The embassy was closed at the time and was not being protected by police. Black smoke could be seen after a small group of protesters started a fire in the U.S. mission, located in the centre of the Serbian capital.

Up to 200,000 Serbs had massed in Belgrade to protest against Kosovo’s secession, refusing to accept the loss of their religious heartland. “As long as we live, Kosovo is Serbia,” Prime Minister Vojislav Kostunica told the crowd from a stage in front of the old Yugoslav parliament building in Belgrade, to applause. “We’ll never give up Kosovo, never!” protesters chanted back, as they waved national flags. A huge banner reading “Kosovo is Serbia” draped the front of the building. “We’re not alone in our fight. President Putin is with us,” Kostunica said, paying tribute to the Russian leader who has opposed U.S. and European states’ recognition of Kosovo. A few people waved the flags of Russia and of Spain — which has also refused to recognise Pristina’s secession on Sunday.

Police estimated 150,000 people packed the square, with columns of at least 10,000 more demonstrators filling up nearby boulevards. Eye witnesses reported big crowds elsewhere in the city.

The “people’s rally” was Serbia’s biggest since protesters filled the streets in 1999 to protest at NATO bombing and then in October 2000, when they stormed the same parliament building to oust nationalist autocrat Slobodan Milosevic.

In the crowds were many hardline nationalist Radicals, from Serbia’s biggest party, who shouted anti-Albanian slogans. “Today Kosovo is in all our hearts,” their leader Tomislav Nikolic told the rally.

Serbs of all ages listened to speeches, melancholic patriotic songs and poems about Kosovo, seen as the birthplace of a glorious medieval kingdom but now home to an Albanian majority.

A certain lack of passion in sections of the crowd appeared to support comments by Western analysts and some ordinary people here that most Serbs were bitter at, but resigned to, the loss of Kosovo, and tired of long years of conflict with neighbouring states. “The politicians are trying to take advantage of the situation.
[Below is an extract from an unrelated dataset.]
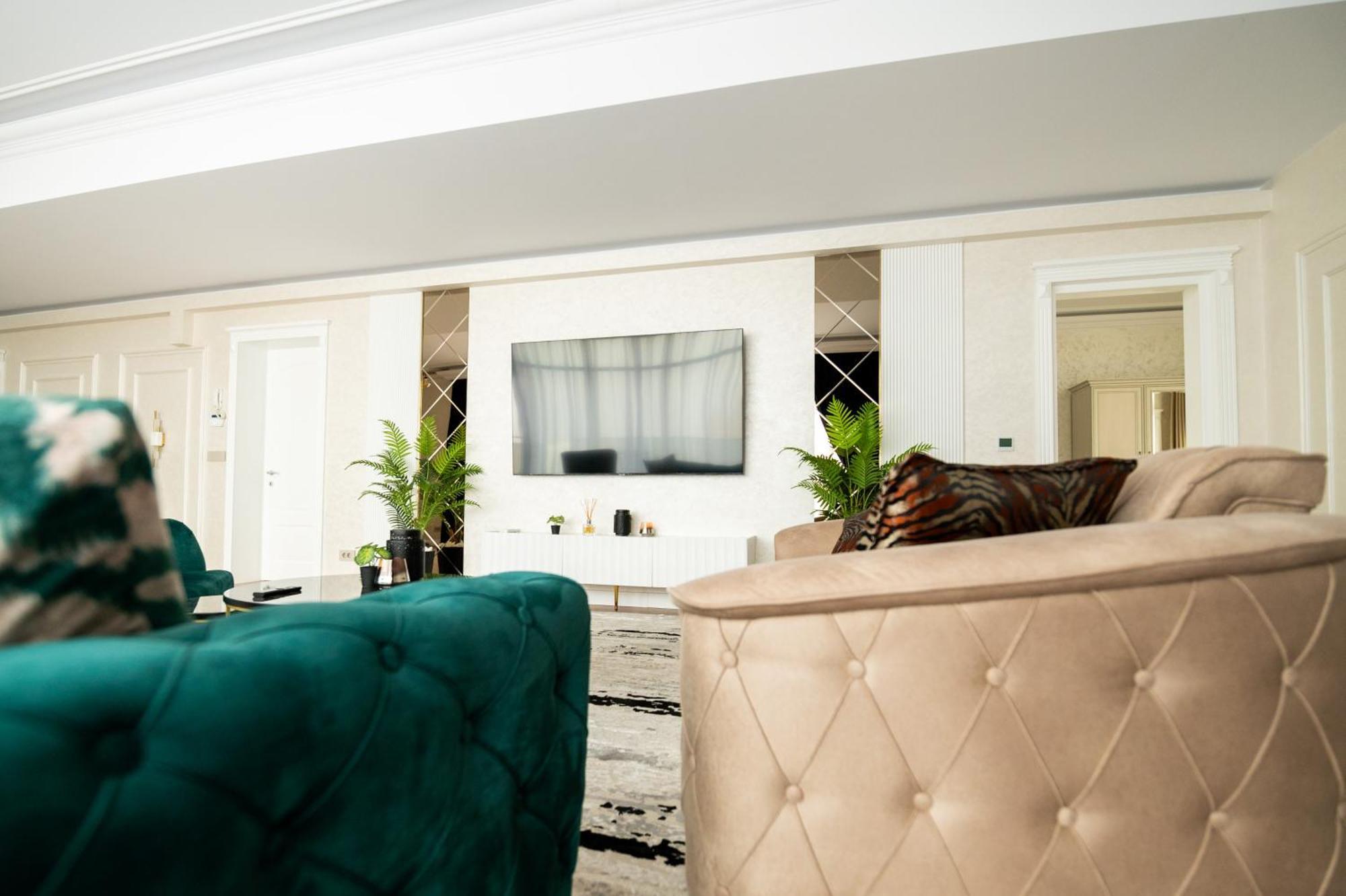 The Penthouse Otel Vaslui Dış mekan fotoğraf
This is not what people wanted. Not these empty words,” said one protester, Dejan Pavlovic.

A few score protesters, some in balaclavas, later threw flares and stones at the U.S. embassy and tore at boards covering its windows since they were smashed in riots earlier in the week.

In other protests, several hundred Serb army veterans at a border post between Kosovo and Serbia stoned Kosovo riot police who, backed by Czech troops in riot gear, stood their ground until the protesters dispersed. No one was hurt.

NATO peacekeepers said they were determined to stop a repeat of Tuesday’s destruction of two other border posts by Serbs.

In Banja Luka in the Bosnian Serb Republic, several people were injured when protesters holding aloft portraits of Russian President Vladimir Putin, Serbia’s chief ally in its opposition to Kosovo, clashed with police in front of the U.S. consulate.

Serbs from across Serbia and from Kosovo had poured into Belgrade earlier on hundreds of free buses and trains. Schoolchildren were given the day off.

After the speeches, marchers began to head to the city’s biggest Orthodox cathedral for prayers for the salvation of Serbs in Kosovo.

Some 120,000 Serbs live there among 2 million Albanians, half in the north next to Serbia, the rest in southern enclaves. Belgrade wants them to stay, to keep alive its claim on the region.

Serbia has protested at Kosovo’s secession in world forums and recalled envoys from Washington and European states recognising Kosovo, most recently from Italy on Thursday.

There is little else it can really do, though Russia will ensure Kosovo never gets a U.N. seat.

The government has said it will not resort to violence to try to regain the province it lost to U.N. control when a NATO air war forced its troops out in 1999.